Imagem ex-librisOpinião do Estadão

O sexto aniversário do inquérito sem fim

O inquérito das ‘fake news’ chega a seis anos sem que haja qualquer perspectiva de conclusão, o que autoriza a suspeita de que se tornou um instrumento de exercício arbitrário de poder

Exclusivo para assinantes
Por Notas & Informações
2 min de leitura

O Inquérito 4.781, conhecido como “inquérito das fake news”, completou seis anos de tramitação na sexta-feira passada. Instaurado em 14 de março de 2019 pelo então presidente do Supremo Tribunal Federal (STF), ministro Dias Toffoli, o inquérito tinha como objetivo inicial apurar “fatos e infrações relativas a notícias fraudulentas (fake news) e ameaças veiculadas na internet que têm como alvo a Corte, seus ministros e familiares”. De lá para cá, como restou notório, uma investigação legítima foi transformada em um instrumento ilegítimo de exercício de poder monocrático pelo ministro designado relator, Alexandre de Moraes, em afronta aos mais comezinhos princípios do Estado Democrático de Direito que o mesmo STF diz defender.

Este jornal é insuspeito para fazer as críticas que tem feito à duração e, principalmente, ao sigilo imposto pelo sr. Moraes ao inquérito. O Estadão foi o primeiro veículo da chamada grande imprensa a apoiar a decisão de ofício do ministro Dias Toffoli. Afirmamos nesta página que, na condição de presidente da Corte, era dever de Dias Toffoli defender a instituição, pois “velar pelas prerrogativas do Tribunal” é uma das principais atribuições de seu presidente. E “não há dúvida”, sublinhamos, “de que ameaças a seus ministros e familiares são uma tentativa de subjugar a independência do STF” (ver editorial O sigilo do STF, 16/3/2019).

O fato de ainda termos de fazer essa memória, malgrado o ministro presidente do STF, Luís Roberto Barroso, ter reconhecido, no início de dezembro de 2024, que a conclusão do Inquérito 4.781 “está demorando” porque “os fatos se multiplicaram ao longo do tempo”, diz muito sobre a amplitude de uma investigação que, ao que parece, tem sido conduzida justamente para não ter fim – vale dizer, para ser instrumentalizada como um mecanismo de concentração de poder nas mãos de seu relator, algo que não se coaduna com a mera ideia de uma república democrática. “Fake news” e “desinformação” passaram a ser o que o sr. Moraes acha que é.

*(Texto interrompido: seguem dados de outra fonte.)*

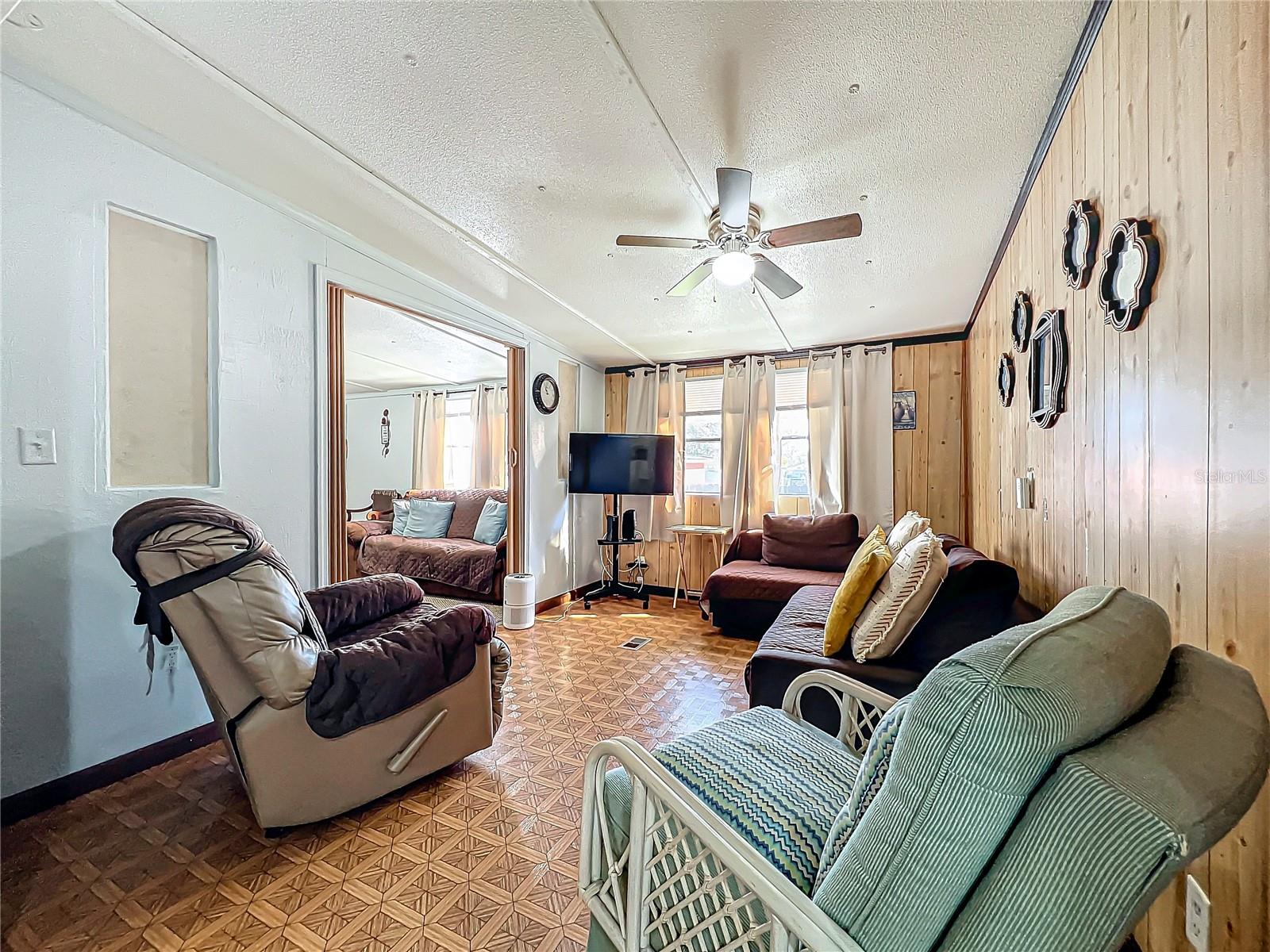 TAFT TOWN - Residential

Decorrido tanto tempo, convém relembrar por que, afinal, o Inquérito 4.781 foi instaurado de ofício. O STF sofria uma onda de ataques articulados por apoiadores do então presidente Jair Bolsonaro. Sob o beneplácito, quando não incentivo, do Palácio do Planalto, os ministros do STF e seus familiares passaram a ser atacados e ameaçados pelas hostes bolsonaristas como forma de tolher a independência funcional da Corte e, assim, evitar – pensavam os radicais – a interposição de barreiras legais aos desígnios liberticidas de Bolsonaro, que, à época, ainda em início de mandato, já demonstrava claramente seu inconformismo com as contenções ao exercício do poder que caracteriza qualquer democracia digna do nome.

Mas não demorou para que o STF enxergasse no Inquérito 4.781 um meio de controlar, de forma inconstitucional, o que pode ou não ser publicado na imprensa profissional e nas redes sociais sobre os ministros ou a própria Corte. Em português cristalino: por meio do Inquérito 4.781, o STF, garantidor maior das liberdades constitucionais, tornou-se um órgão de censura. Um mês depois da abertura do inquérito, o ministro relator já impunha censura ao site O Antagonista e à revista Crusoé porque os veículos publicaram uma reportagem, intitulada O amigo do amigo de meu pai, que implicava Dias Toffoli no acordo de colaboração premiada firmado pelo empreiteiro Marcelo Odebrecht. Para lhe fazer justiça, Moraes logo reconheceu seu erro e revogou a censura aos veículos, mas o gênio já havia saído da garrafa.

E assim, de abuso em abuso, de censura em censura, chega-se a quase 2,2 mil dias de uma investigação que, a despeito de sua legitimidade inicial, há muito já deveria ter sido encerrada com o indiciamento de suspeitos sobre os quais recaiam indícios de autoria e materialidade de crimes ou o arquivamento. É inaceitável, a menos que não estejamos mais sob a égide da ordem constitucional democrática, que um inquérito perdure indefinidamente – seja por sua inconsistência material, seja pela conveniência de seu relator.